Pourquoi la résistance a-t-elle mis du temps à s’organiser en Belgique durant la Seconde Guerre mondiale
Il est difficile de chiffrer le nombre de résistants belges durant la Seconde Guerre mondiale. Ce qui est certain, précise Fabrice Maerten, historien spécialiste de la question, c’est que 200 000 Belges ont demandé à l’État d’être reconnus comme résistants, et que 160 000 ont obtenu un tel statut.
- Publié le 21-10-2024 à 14h32
La résistance belge a mis du temps à se structurer, raconte également l’historien. En 1940, la victoire d’Hitler est écrasante, et la défaite surprise de la France déroute de nombreux Belges, les paralyse en quelque sorte. Sans oublier que le rexisme de Léon Degrelle a semé son idéologie au sein d’une partie de la population qui n’est pas contre l’avènement d’un pouvoir fort.
« Ce n’est qu’aux environs du 11 novembre 1940, au moment du souvenir de l’Armistice de 18, que de premiers résistants patriotiques, issus de la petite et moyenne bourgeoisie, se manifestent. Ils sont encouragés aussi par l’attitude de l’Angleterre qui tient bon », poursuit Fabrice Maerten. Ce premier 11 novembre n’est pas férié, raconte l’historienne Chantal Kesteloot sur le site belgiumwwii.be. Au pied de la colonne du Congrès à Bruxelles, une foule se rassemble malgré tout. » Les anciens combattants n’ont pas hésité à porter ostensiblement leurs décorations, écrit-elle. Autour du soldat inconnu, le silence fait place à des clameurs patriotiques mais aussi à des cris d’hostilité à l’occupant. On chante la Brabançonne et on arbore des insignes pro-britanniques.

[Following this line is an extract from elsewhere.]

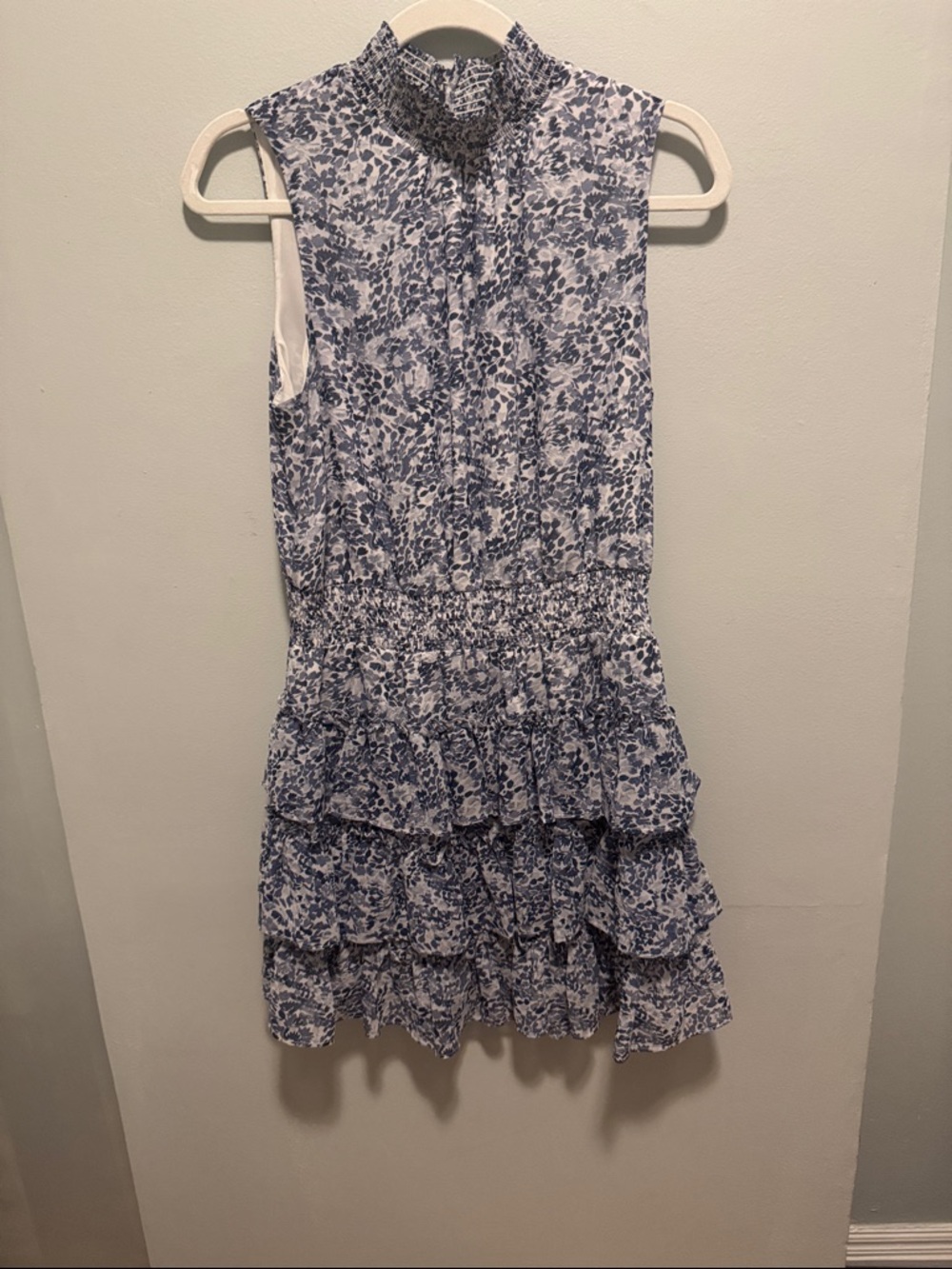 1. State Blue and White Floral Smocked Neck Tiered Dress for Girls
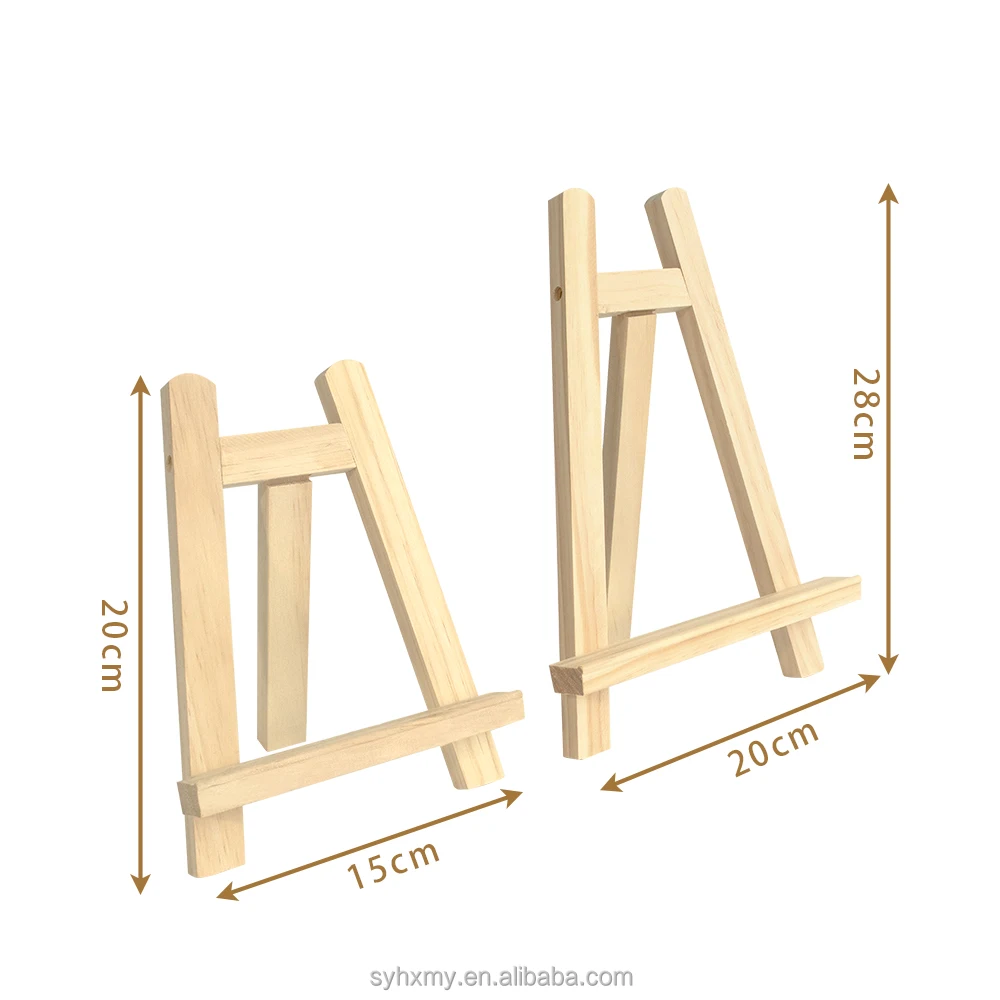 Small Easels 15x20/20x28cm A-Frame Pine Wood Easel Display Stand Mini Art Easel Desktop Tripod Stand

C’est la jeunesse qui se montre la plus mobilisée et, parmi elle, des enfants de combattants. » Des arrestations auront lieu et certains résistants seront condamnés à plus de cinq ans de travaux forcés.
Le tournant d’octobre 1942
En Belgique donc, les premières années de guerre verront progressivement s’organiser une résistance de droite, portée notamment par l’Armée secrète et proche de la figure du roi ; une résistance conservatrice, attachée à l’État belge et au gouvernement ; puis une résistance communiste qui se lance une fois que le IIIe Reich aura envahi l’Union soviétique le 22 juin 1941. Cette résistance ne deviendra massive qu’à partir d’octobre 42. « À ce moment-là, alors que le vent commence à tourner en leur défaveur, les Nazis décrètent le travail obligatoire en Allemagne pour les jeunes Belges. C’est un évènement fondamental pour expliquer la résistance de nombreuses familles qui ne veulent pas voir partir l’un des leurs en Allemagne, insiste Fabrice Maerten. L’écroulement de l’Italie puis le Débarquement encourageront aussi la lutte contre l’occupant. D’abord non violente (presse clandestine, récolte de renseignements, aide aux prisonniers…), cette lutte deviendra armée. À l’été 1944, elle rassemblera entre 100 000 et 150 000 personnes et sera soumise à une répression très féroce de la part des occupants, mais aussi de collaborateurs. Durant l’été 44, on assistera à des épisodes de petites guerres civiles dans le Limbourg et dans le Hainaut. »
En définitive, peut-on lire dans les écrits du Cegesoma, les raisons de résister sont multiples en Belgique durant la Seconde Guerre. Elles vont de la défense de valeurs comme le patriotisme, l’antifascisme ou la germanophobie héritée de 1914-1918 à des motivations individuelles, comme le goût de l’aventure ou le besoin de s’émanciper. Les résistants sont dès lors issus de tous les âges, de tous les milieux et de toutes les tendances idéologiques, même si la proportion des militants communistes est supérieure à celle des résistants issus des autres courants politiques.